Meinst du diese Variante?

http://www.raubfischspezialist.com/...e-leader-16-kg-50-cm-mit-wirbel-und-snap.html


und an dem Wirbel machst du dann den Palomarknoten bei geflochtene Schnur ?   Reichen 50cm nicht aus ?

Werd es auch mal probieren selber zusammen zu binden. Ist auf Dauer sicher viel Günstiger.


LG


----------



## Colophonius (28. Juni 2012)

*AW: Welches Stahlvorfach ? Länge etc*

So siehts am Ende aus. Das ist sicher ein gutes Stahlvorfach, der Tommi (Shop-Besitzer) bietet gute Sachen an. Aber das wäre mir etwas zu teuer


----------



## Raven1991 (28. Juni 2012)

*AW: Welches Stahlvorfach ? Länge etc*

Alles Klar Danke Danke =). 

Dann werd ich mal noch solche Wirbel und Snaps kaufen und paar Meter vernünftiges Stahlvorfach.  Hab ein Video gesehen wie es auch ohne Knoten geht mit Klemmhülsen  . 

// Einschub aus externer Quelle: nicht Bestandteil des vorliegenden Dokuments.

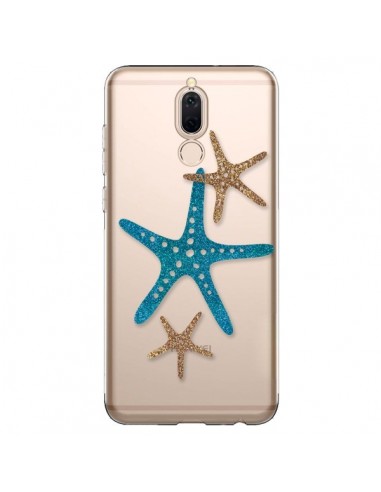 Coque Huawei Mate 10 Lite Etoile de Mer Starfish Transparente - Sylvia Cook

http://www.youtube.com/watch?v=zujPSwWAwN8&feature=related

Vlt ist das auch Totensicher und erstmal einfacher für mich 

Wobei der Palomarknoten eig eh mein Lieblingsknoten ist vom Drop Shot  


LG


----------



## daci7 (28. Juni 2012)

*AW: Welches Stahlvorfach ? Länge etc*



Raven1991 schrieb:


> Hallo Leute,
> 
> ich bin noch ein ziemlicher Noob was das Hecht Angeln angeht , wollte aber mal ein bisschen mit Gufis am Jigkopf herumprobieren.
> 
> ...


Aalso: Benutzt du geflochtene Schnur? Wenn ja wäre ein Knotenlosverbinder zwischen Hauptschnur und Stahl meine erste Wahl.



Raven1991 schrieb:


> Versteh das irgendwie nicht so... welche Länge sollte mein Stahlvorfach beim Kunstköderangeln am besten haben? Und welche benutze ich da ? es gibt soviele Varianten. Schlaufe/Schlaufe, Wirbel / Snap ,    etc ..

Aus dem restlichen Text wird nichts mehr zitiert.